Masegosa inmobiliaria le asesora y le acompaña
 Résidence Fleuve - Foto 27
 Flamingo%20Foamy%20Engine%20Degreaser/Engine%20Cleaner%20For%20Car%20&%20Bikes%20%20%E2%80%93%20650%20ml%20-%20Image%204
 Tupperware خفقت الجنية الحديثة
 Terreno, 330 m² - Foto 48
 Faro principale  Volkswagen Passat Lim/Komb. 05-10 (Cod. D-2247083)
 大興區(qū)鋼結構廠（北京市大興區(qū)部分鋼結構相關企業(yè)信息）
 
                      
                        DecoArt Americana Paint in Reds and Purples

^^^^^^^^

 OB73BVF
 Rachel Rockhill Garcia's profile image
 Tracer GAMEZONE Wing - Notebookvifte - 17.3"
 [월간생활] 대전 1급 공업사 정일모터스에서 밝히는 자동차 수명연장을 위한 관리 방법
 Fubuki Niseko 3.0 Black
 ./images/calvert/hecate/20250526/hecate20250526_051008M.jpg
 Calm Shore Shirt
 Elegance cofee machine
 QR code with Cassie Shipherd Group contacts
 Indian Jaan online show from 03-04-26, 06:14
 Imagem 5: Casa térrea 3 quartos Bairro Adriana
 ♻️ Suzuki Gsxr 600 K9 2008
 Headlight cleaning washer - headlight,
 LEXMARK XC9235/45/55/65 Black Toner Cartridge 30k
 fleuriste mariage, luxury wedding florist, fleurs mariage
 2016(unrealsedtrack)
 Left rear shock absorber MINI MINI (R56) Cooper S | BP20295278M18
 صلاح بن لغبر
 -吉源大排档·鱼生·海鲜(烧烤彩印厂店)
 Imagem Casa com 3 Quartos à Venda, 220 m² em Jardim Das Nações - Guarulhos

^^^^^^^^

- [Your assignment] In the listing above, find the line holding "Masegosa inmobiliaria le" and the line holding "DecoArt Americana Paint", then output those two lines and every line between them exactly.

- [Solution for this exercise]
Masegosa inmobiliaria le asesora y le acompaña
 Résidence Fleuve - Foto 27
 Flamingo%20Foamy%20Engine%20Degreaser/Engine%20Cleaner%20For%20Car%20&%20Bikes%20%20%E2%80%93%20650%20ml%20-%20Image%204
 Tupperware خفقت الجنية الحديثة
 Terreno, 330 m² - Foto 48
 Faro principale  Volkswagen Passat Lim/Komb. 05-10 (Cod. D-2247083)
 大興區(qū)鋼結構廠（北京市大興區(qū)部分鋼結構相關企業(yè)信息）
 
                      
                        DecoArt Americana Paint in Reds and Purples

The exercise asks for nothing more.